本の紹介を中心にいろいろ書いております。

BRUTUS(ブルータス) 2023年 9月1日号 No.991 『怖いもの見たさ。』

BRUTUS(ブルータス) 2023年 9月1日号 No.991[怖いもの見たさ。]

 普段、雑誌って買わないんだよねー。でも、これは買っちゃう。ほとんど丸々一冊ホラーガイドになってるっていうから、じっくり読んでみたいもんね。

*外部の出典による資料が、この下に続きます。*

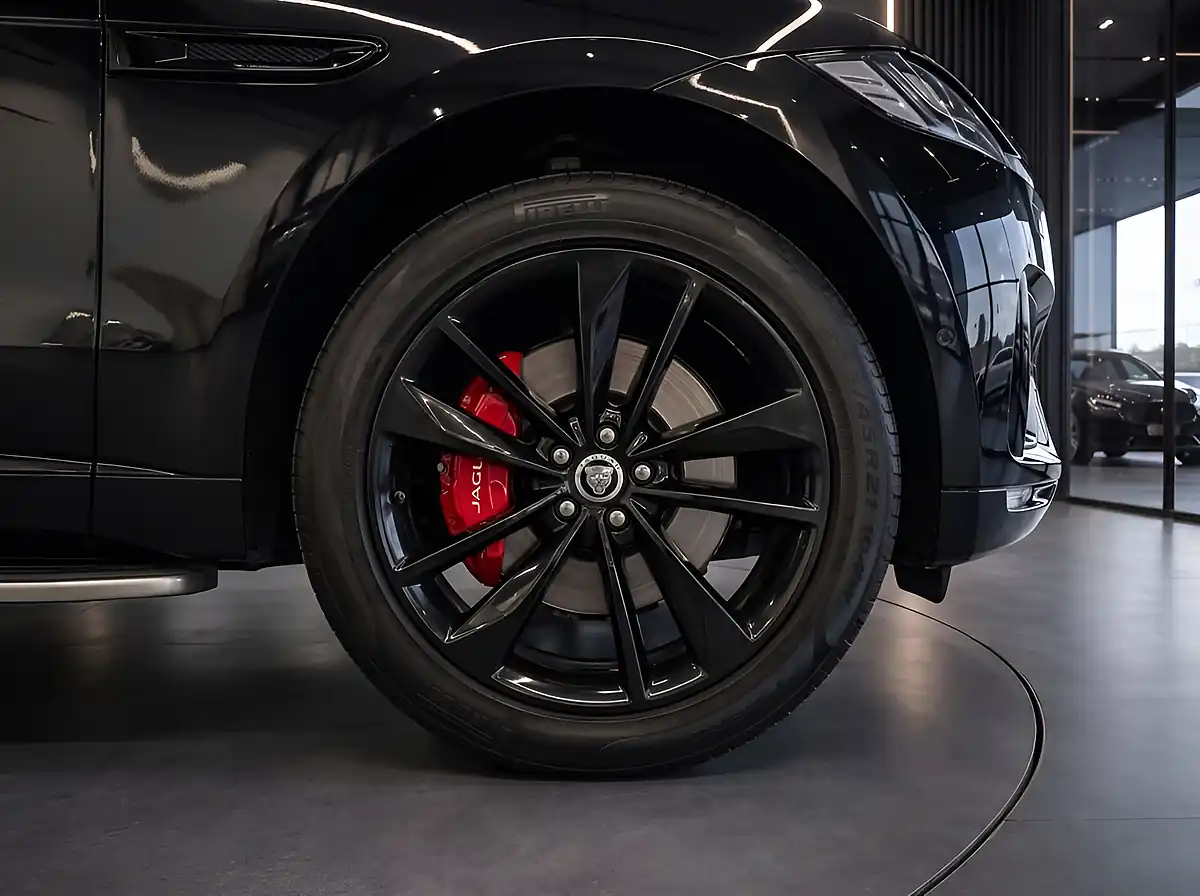 Used 2023 Jaguar F-Pace R-Dynamic Se Black Black - Interior and Exterior details 14
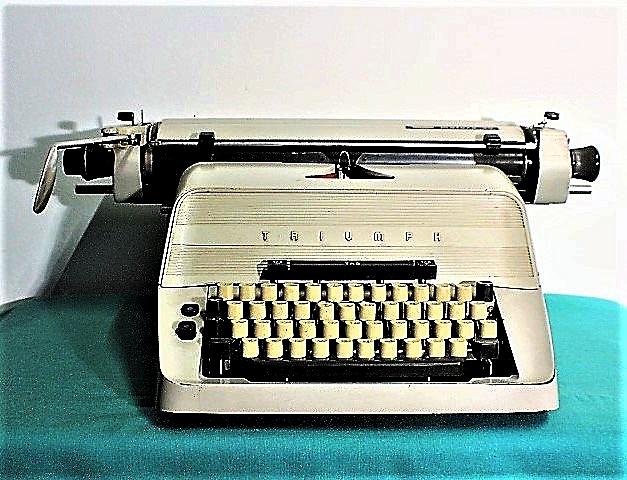 Schreibmaschine Triumph Matura, mechanisch, Typenhebel, Sammler Büro 50er #1614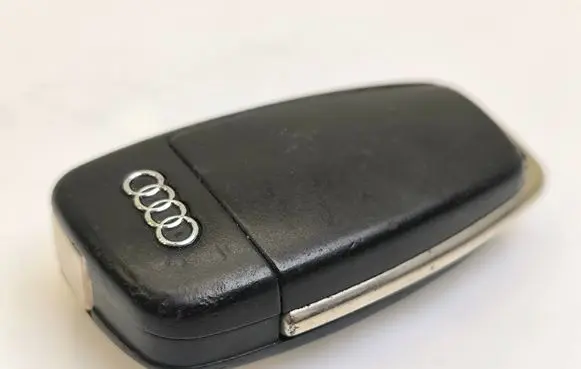 Audi A6 S6 C6 4F Ignition key/card 033140101 4F0837220R
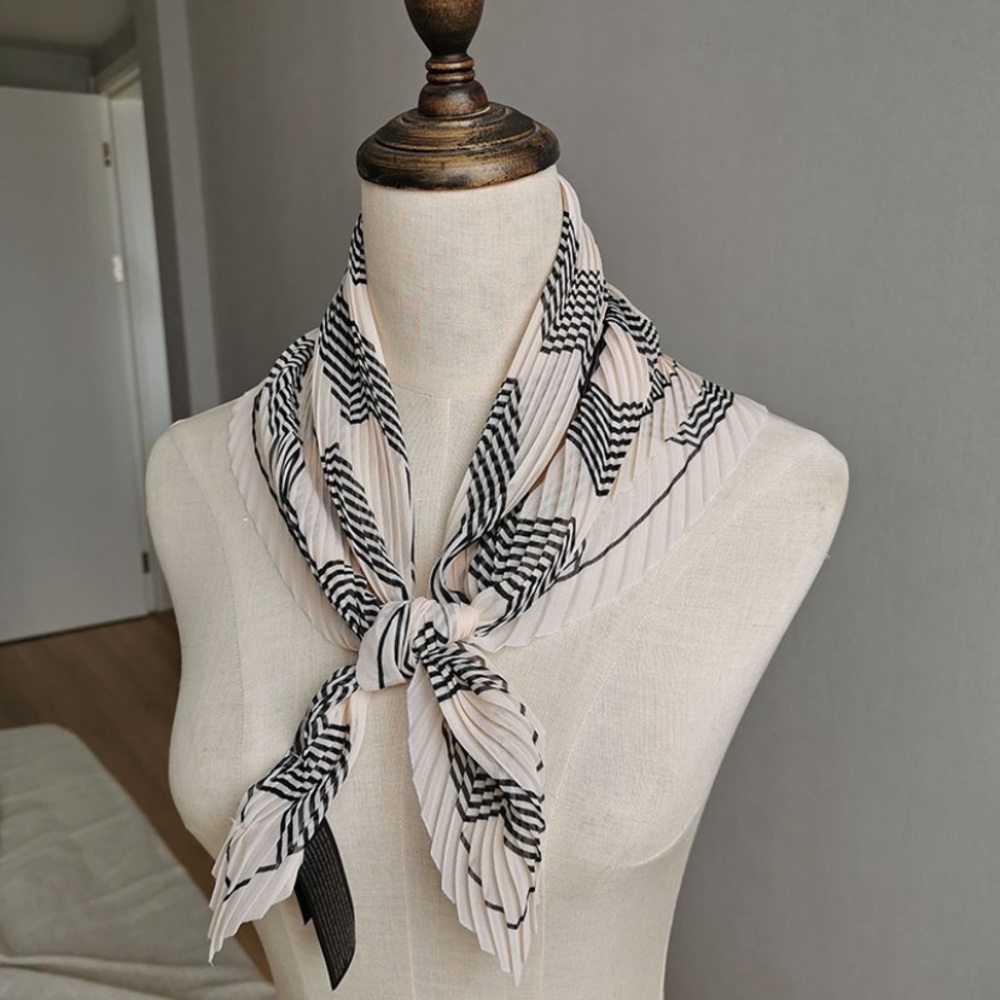 💕LAST One Elegant Black and White Wave Scarf - Picture 5 of 8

 で、期待に違わずなかなかおもしろかったわけ。ガイドとして紹介されているのは、映画、ドラマ、アニメ、小説、漫画、ゲーム、怪談、お化け屋敷、YouTubeとさまざまなジャンルを網羅していて、各ジャンルのエキスパート達が1.0怖から5.0怖に分けて444の作品を紹介してくれている。ま、小説に関してはもともと好きなジャンルだからさほど目新しさはなかったし予想の範囲内だったんだけど、それでも何冊かはチェックしたし、映画もそこそこ知っている作品が多かったのだが、それ以外のジャンルについては発見また発見の連続で、気になった漫画など、現在では手に入らない作品もあってもどかしい思いをした。

 ホラーは、興味あるけどそこまでのマニアではないぼくにとって恰好の指南書だ。映像作品などノーチェックも多かったし、知ってはいてもスルーしてたのもあって、本書を読みながら映画の「ドーン・オブ・ザ・デッド」とかアニメの「整形水」とか雨穴の「変なA I」などを観て楽しんだ。日本昔ばなしの「とうせん坊」なんてほんとトラウマ回だよね。「飯降山」は以前から知っていたけど、あれとはまた違った衝撃だった。

 ぼく自身の経験でいえば、ずぅーっと昔に観た寺山修司の「田園に死す」という映画がトラウマ級でいまだに映像が焼き付いている。でも何より戦慄したのはラストで男の人が叫ぶところだったのだが。子どもの頃に観たトラウマ映画がもう一つ「未来惑星ザルドス」という映画なのだがご存知?これ、ぼくが子どもの頃にしょっちゅうテレビでやっていた記憶があるのだが、ショーン・コネリーシャーロット・ランプリングそっちのけで、空に浮かぶあの巨大神像のビジュアルがもうトラウマ必須。あんなの子どもが観ちゃいかんよ!

 というわけで、封印されし曰く付きの怪談も袋綴じでついていて、頁の端には、稲川淳二のつぶやき怪談がついているし、なかなかお買い得の一冊なのであります。雑誌だから、足はやいよ。気になった方ははやく手にいれてねー。